Fitch downgrades Greece's status three notches

13th July 2011, Comments 0 comments

Fitch ratings agency announced Wednesday it was downgrading Greece's status by three points to CCC status from its previous rating of B+.

The move came because of the absence of a new European Union-International Monetary Fund programme for Greece and growing uncertainty of the role private investors would play in any bail-out, said the agency.

It expressed concern that Greece was relying on getting 30 billion euros ($42 billion) out of its privatisation programme "and largely unquantifiable private sector participation" to supplement any international bail-out.

"While asset sales of five billion euros look attainable in 2011, the privatisation programme will become increasingly challenging," the agency said.

"Fitch believes any new programme must be backed by credible policy targets," it said.

It acknowledged measures the Greek government had pushed through parliament in June showed their continued commitment to the EU-IMF programme.

But figures for the first half of 2011 showed they were still spending too much and bringing in too little money.

"Thus, a further contraction in economic activity of some 4% of GDP now looks likely in 2011, followed by a weak recovery in 2012," it concluded.

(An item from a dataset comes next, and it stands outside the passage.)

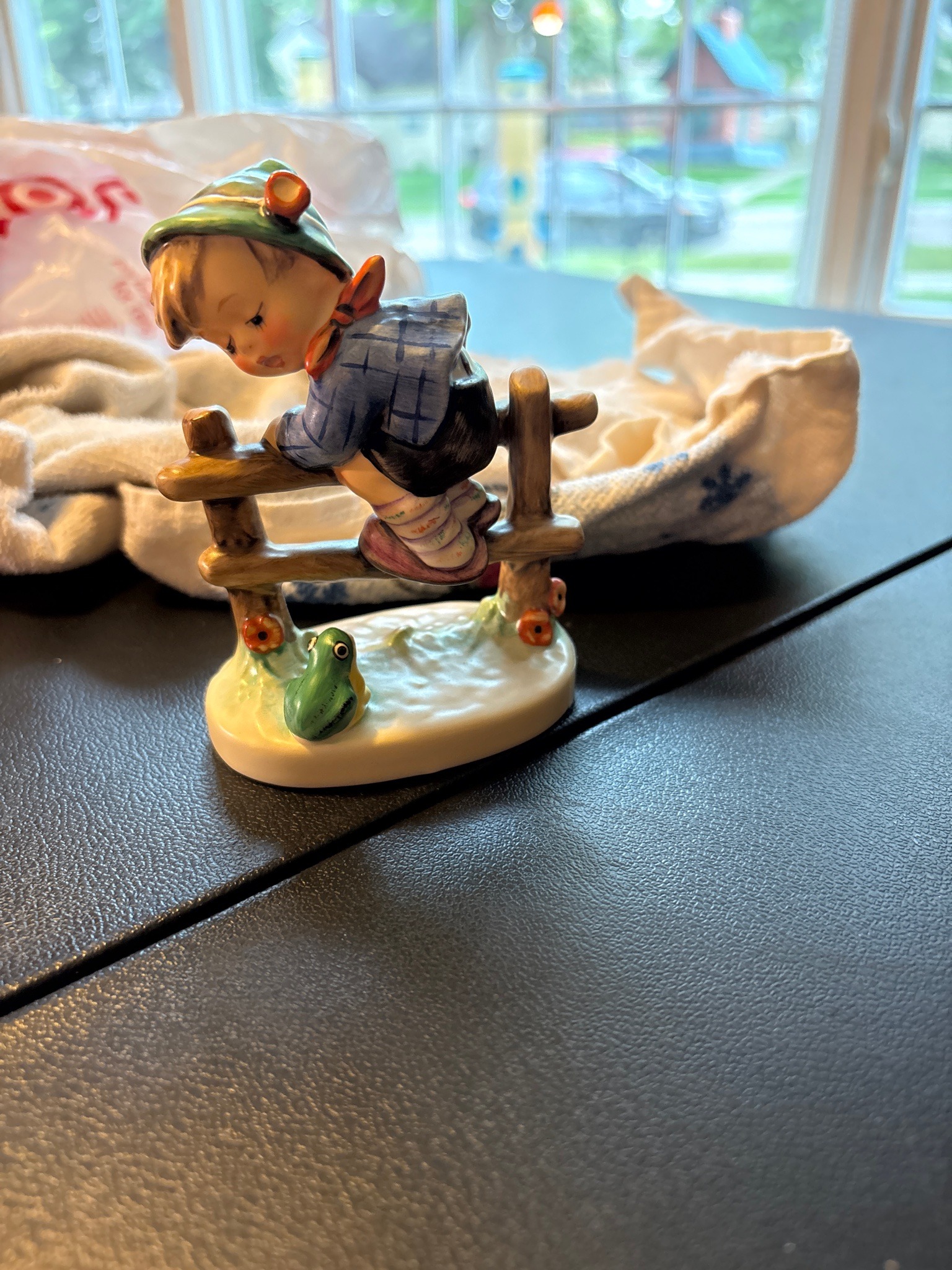 Submitted photo of Porcelain figurine, appears to be Hummel (not authenticated)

"Today's rating downgrade reflects the absence of a new, fully-funded and credible EU-IMF programme for Greece, coupled with heightened uncertainty surrounding the role of private creditors in any future funding, as well as Greece's weakening macroeconomic outlook," it said.

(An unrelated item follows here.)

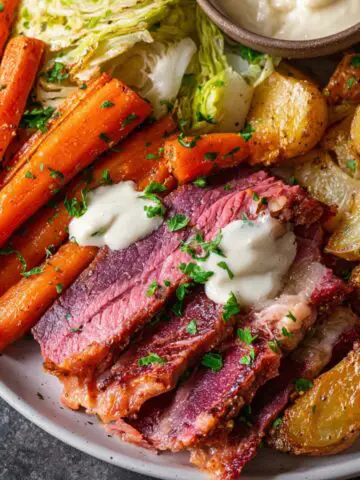A plate of sliced Corned Beef and Cabbage served with roasted potatoes, glazed carrots, and sautéed cabbage, topped with a creamy sauce and garnished with parsley.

The agency had expected a meeting of EU finance ministers earlier this month to resolve the question of a bail-out, it said.

But while the general outlines were agreed, there was "no further clarity" on the sums involved.

"Fitch's 'CCC' rating encapsulates substantial credit risk and acknowledges that default is a real possibility," the agency concluded.

"As previously stated by Fitch, private sector involvement would likely be viewed as a sign of sovereign credit impairment and could trigger a rating default event."

European leaders are divided over how to stop the spreading eurozone debt crisis but France and Germany disagreed about calling an emergency summit.

Both Greece and Spain have attacked a German-led drive for private investors to shoulder part of the costs of a second rescue for Athens, widely expected to trigger a default status on Greek debt.

The IMF said Greece would need an additional 71 billion euros ($100.6 billion) in European Union aid plus 33 billion euros from private creditors to weather its debt crisis.

The possible involvement of banks, insurers and pension funds, opposed by the ECB, is a factor behind turmoil on financial markets and has helped put Italy and Spain in the eurozone spotlight.